Por eso nos dice Jesús: «Alegraos y saltad de gozo y regocijaos, que vuestra recompensa será grande en el cielo» (Lc 6,22-23). Dios nos da felicidad profunda, incluso cuando nos cuesta cumplir el deber, o prestar amor-servicio renunciando a los propios intereses y comodidades.
¡Qué contraste con el dolor del que vive el alejado de Dios! La civilización actual es técnica en explotar el ansia de felicidad del hombre en la industria enormemente lucrativa de la diversión, sin escrúpulos morales. Sumerge así al hombre moderno en la más catastrófica autodestrucción e infelicidad.
El discípulo auténtico de Cristo irradia siempre contagiosa alegría: espiritual, benéfica, profunda, sacrificada.
Anunciador del Adviento
Sobre el texto evangélico, San Juan Pablo II comentaba el 13 de diciembre de 1981: Juan es voz. «Juan es la voz, pero el Señor (Jesús) es la Palabra que existe desde el principio. Juan era una voz provisional, Cristo desde el principio era la Palabra eterna». (San Agustín).
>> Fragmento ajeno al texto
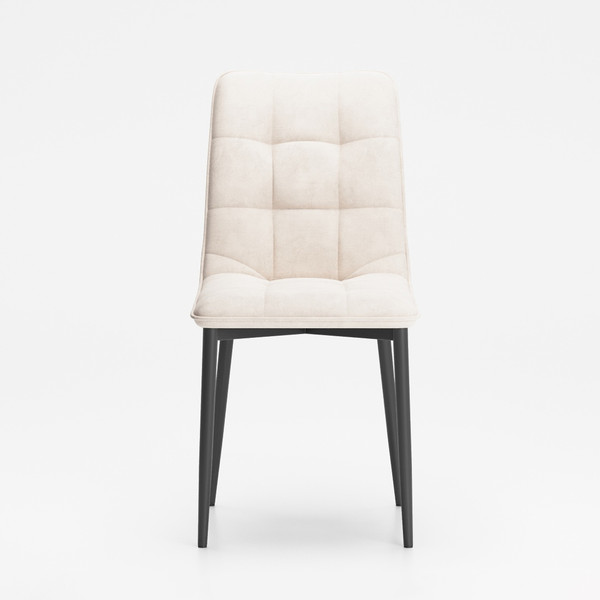 Изображение товара Стул Табурет Дарлинг (бренди 03/каркас черный)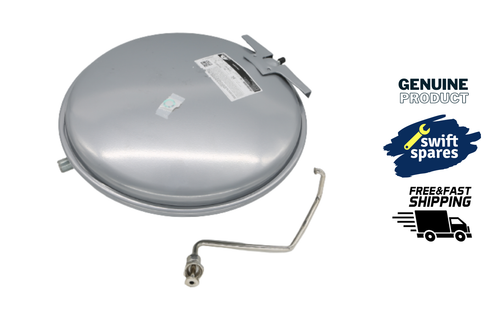 GENUINE VOKERA 1830 LINEA 24 & 28   BOILER EXPANSION VESSEL - NEW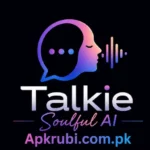 Talkie Soulful AI
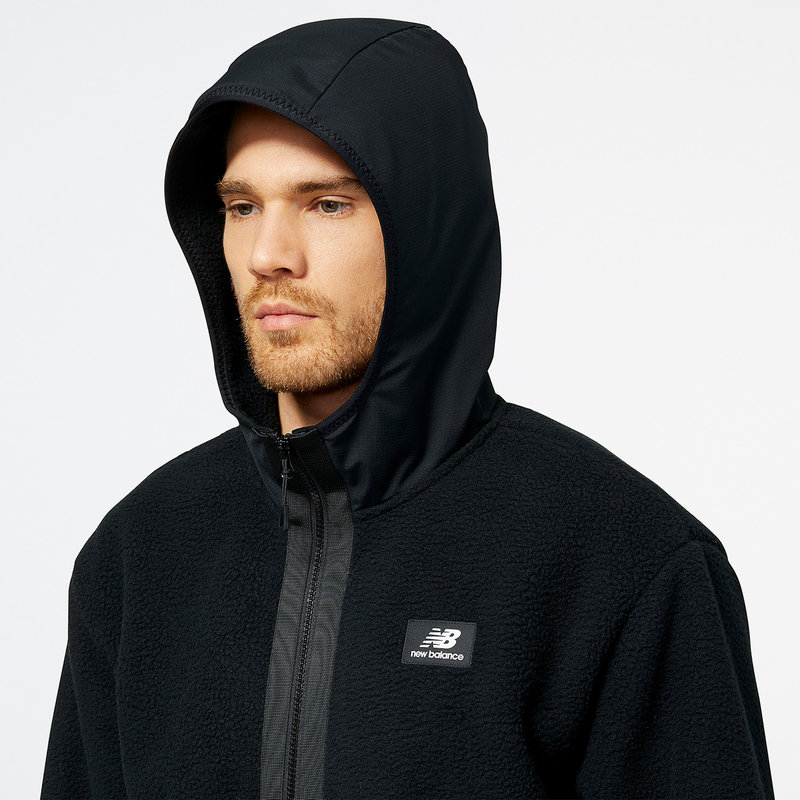 New Balance New Balance : All Terrain Seasonal Jacket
Así, Juan no es el Mesías, ni Elías, ni el Profeta. Y, sin embargo, predica y bautiza. «Entonces, ¿por qué bautizas?», preguntan los enviados de Jerusalén. Esta era la causa principal de su inquietud. Juan predicaba repitiendo las palabras de Isaías: «Allanad el camino del Señor», y el bautismo que recibían sus oyentes era el signo de que las palabras provocaban su conversión; los enviados de Jerusalén preguntan, pues: «¿Por qué bautizas?». Juan responde: «Yo bautizo con agua; en medio de vosotros hay uno que no conocéis, el que viene detrás de mí, que existía antes que yo y al que no soy digno de desatar la correa de la sandalia». Juan es un precursor: sabe que Aquel al que esperan, viene «detrás de él».
Por lo tanto, San Juan Bautista es anunciador del Adviento. Dice: «En medio de vosotros hay uno que no conocéis». Adviento no es sólo espera. Es anunciación de la Venida. Juan dice: «El que debe venir ya ha venido».
El adviento de Juan se manifiesta con una actitud singular: la humildad. Dice: «no soy digno de desatar la correa de sus sandalias al que viene detrás de mí». Sabemos que la correa de las sandalias se las desataba el siervo al amo. ¡No soy digno! Se siente más pequeño que un siervo. Esta es la actitud del Adviento. La Iglesia la acepta plenamente y repite siempre con los labios de todos sus sacerdotes y de todos los fieles: «Señor, no soy digno…». Y pronuncia estas palabras siempre ante la venida del Señor, ante el adviento eucarístico de Cristo: «Señor, no soy digno…». El Señor viene precisamente hacia los que sienten en lo más hondo su indignidad y la manifiestan.
Causa de nuestra alegría
La segunda lectura del apóstol san Pablo nos dice «Estad siempre alegres». Abramos nuestro espíritu a esa invitación; avancemos con alegría hacia el misterio de la Navidad. María, que esperó en silencio y orando el nacimiento del Redentor, nos ayude a hacer que nuestro corazón sea una morada para acogerlo dignamente.
La llamada de Cristo impone renuncias, pero al tiempo quiere suscitar ante todo la alegría. La palabra «alégrate» que ha dominado la existencia de María, es el modelo de nuestro compromiso con Dios.
María contribuye al desarrollo de la alegría en la Iglesia y en cada alma. El anhelo de ver felices a sus hijos inspira constantemente su acción maternal.
Ella sabe que la alegría conduce a la generosidad. Un clima de alegría contribuye a la apertura y a la disponibilidad y favorece relaciones de comprensión y de ayuda. Mientras la tristeza lleva al replegamiento y tiende a cerrar los corazones en sus preocupaciones, la alegría los dilata y los acerca unos a otros.
Cuanto más acudimos a María, la sonrisa de la Virgen no se apaga en ninguna circunstancia y suscita en nosotros una alegría irradiante. Invoquemos a María con la dulce invocación de «Causa de nuestra alegría».